Итак, в эпоху кануна Первой мировой войны, столь неблагоприятную для развития метафизики, прибежищем для последних приверженцев этой дисциплины стала сфера «значимостей» (в том числе и значимости денег). Возвращаясь к тому, о чем мы говорили чуть раньше, отметим, что и Гуссерль, по сути дела, защищал «значимость» – значимость свободной от психологизма логики, этого платоновского царства идей, – от не видевших ничего дальше своего носа поборников натуралистической психологии.

Молодой Мартин Хайдеггер оказался в сходном положении, тоже вынужден был занять оборонительную позицию.

Подобно Гуссерлю (и Эмилю Ласку[57]), он полагал, что метафизика еще может найти применение при исследовании тайны «значимости», в сфере чистой логичности, противостоящей всем попыткам релятивизировать логику, подчинив ее биологии или психологии. В этой сфере для него было особенно значимым такое понятие, как «потусторонняя ценность жизни», однако характер связи между логикой и душевной жизнью пока оставался неясным. В своей статье «Новые исследования по логике» (1912 год) Хайдеггер называет психическое «операционным базисом» для логического, но отмечает, что в этой сфере остаются нерешенными «своеобразные проблемы, которые, может быть, никогда не будут вполне прояснены».

Хайдеггер не сомневался, что с помощью логики ему удастся «ухватиться за край» чего-то, имеющего сверхиндивидуальную значимость, а это было для него очень важно, ибо он хотел верить в объективную реальность духа, не желал видеть в нем всего лишь порождение человеческого мозга. Но вместе с тем Хайдеггер признавал и самостоятельную реальность внешнего мира, отказывался видеть в нем только химеру субъективного духа – потому что такое представление было бы гносеологическим проявлением неприемлемого для него «безграничного автономизма «я»». Хайдеггер стремился избежать обеих крайностей – и низвержения в приземленный материализм, и обманчивой иллюзии парения в горних высях, характерной для субъективного идеализма. Делая первые самостоятельные шаги на поприще философии, он ориентировался на «критический реализм», что практически означало для него следующее: «лишь тот, кто верит, что реальная природа в принципе поддается определению, способен прилагать усилия ради ее познания» (GA I, 15). И еще Хайдеггер ориентировался на возможность существования объективного духа.
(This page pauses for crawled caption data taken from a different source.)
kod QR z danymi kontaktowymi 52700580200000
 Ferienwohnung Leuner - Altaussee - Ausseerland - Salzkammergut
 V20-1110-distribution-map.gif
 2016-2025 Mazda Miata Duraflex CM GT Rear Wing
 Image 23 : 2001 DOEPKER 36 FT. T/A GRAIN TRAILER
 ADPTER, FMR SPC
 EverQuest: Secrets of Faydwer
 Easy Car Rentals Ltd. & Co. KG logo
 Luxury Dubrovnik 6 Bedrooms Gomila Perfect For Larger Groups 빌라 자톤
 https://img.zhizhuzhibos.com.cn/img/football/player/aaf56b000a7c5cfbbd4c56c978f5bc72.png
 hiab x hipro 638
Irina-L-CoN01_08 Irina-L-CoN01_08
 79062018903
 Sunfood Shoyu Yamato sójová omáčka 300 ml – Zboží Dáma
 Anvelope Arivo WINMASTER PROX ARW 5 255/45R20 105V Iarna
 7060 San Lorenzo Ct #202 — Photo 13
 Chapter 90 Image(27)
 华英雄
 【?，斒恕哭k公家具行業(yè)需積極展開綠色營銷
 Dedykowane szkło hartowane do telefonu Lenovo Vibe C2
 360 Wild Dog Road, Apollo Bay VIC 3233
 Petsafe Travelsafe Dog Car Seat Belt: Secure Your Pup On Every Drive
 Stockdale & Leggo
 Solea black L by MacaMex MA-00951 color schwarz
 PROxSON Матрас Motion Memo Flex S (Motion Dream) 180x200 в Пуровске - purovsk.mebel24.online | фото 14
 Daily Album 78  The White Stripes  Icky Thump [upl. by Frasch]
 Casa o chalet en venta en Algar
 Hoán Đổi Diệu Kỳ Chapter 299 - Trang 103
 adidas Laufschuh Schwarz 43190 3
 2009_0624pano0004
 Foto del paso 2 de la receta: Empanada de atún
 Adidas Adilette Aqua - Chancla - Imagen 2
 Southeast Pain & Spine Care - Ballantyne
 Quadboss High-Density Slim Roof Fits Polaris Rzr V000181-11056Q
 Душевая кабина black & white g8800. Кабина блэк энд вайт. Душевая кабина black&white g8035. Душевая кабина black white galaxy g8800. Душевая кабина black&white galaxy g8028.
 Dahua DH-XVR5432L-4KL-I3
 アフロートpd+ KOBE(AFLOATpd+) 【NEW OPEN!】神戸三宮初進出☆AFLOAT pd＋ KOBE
Объективный дух он находил в открытом для всех церковном «сокровище истины», но как философу ему этого было недостаточно, отсюда его интерес ко второму источнику истины – логике с ее объективной значимостью.

Итак, в первые годы своего ученичества Мартин Хайдеггер искал такую философию, которая помогала бы ему с уверенностью действовать на арене современности, но вместе с тем (каким-то непостижимым образом) всегда оставаться под небом родного Мескирха.

ГЛАВА ТРЕТЬЯ

«Бдения на Масличной горе». Планирование будущей карьеры. Докторская работа. Существует ли Ничто? «Уже грохочет». Просьбы к их преподобиям. По ту сторону «философии жизни». Вторжение жизни в философию. «Переживание» Дильтея и ницшеанское «изживание». Мощный поток Бергсона. Цветущий сад Макса Шелера.

По первым философским статьям Хайдеггера – «Проблема реальности в современной философии» и «Новые исследования по логике» – невозможно догадаться, что они были написаны в переломное, кризисное для него время. А между тем он писал эти работы, в которых защищал принцип познаваемости реальности и метафизическую состоятельность логики, в тот самый момент, когда его собственные жизненные планы оказались под угрозой провала. Это было в 1911 году.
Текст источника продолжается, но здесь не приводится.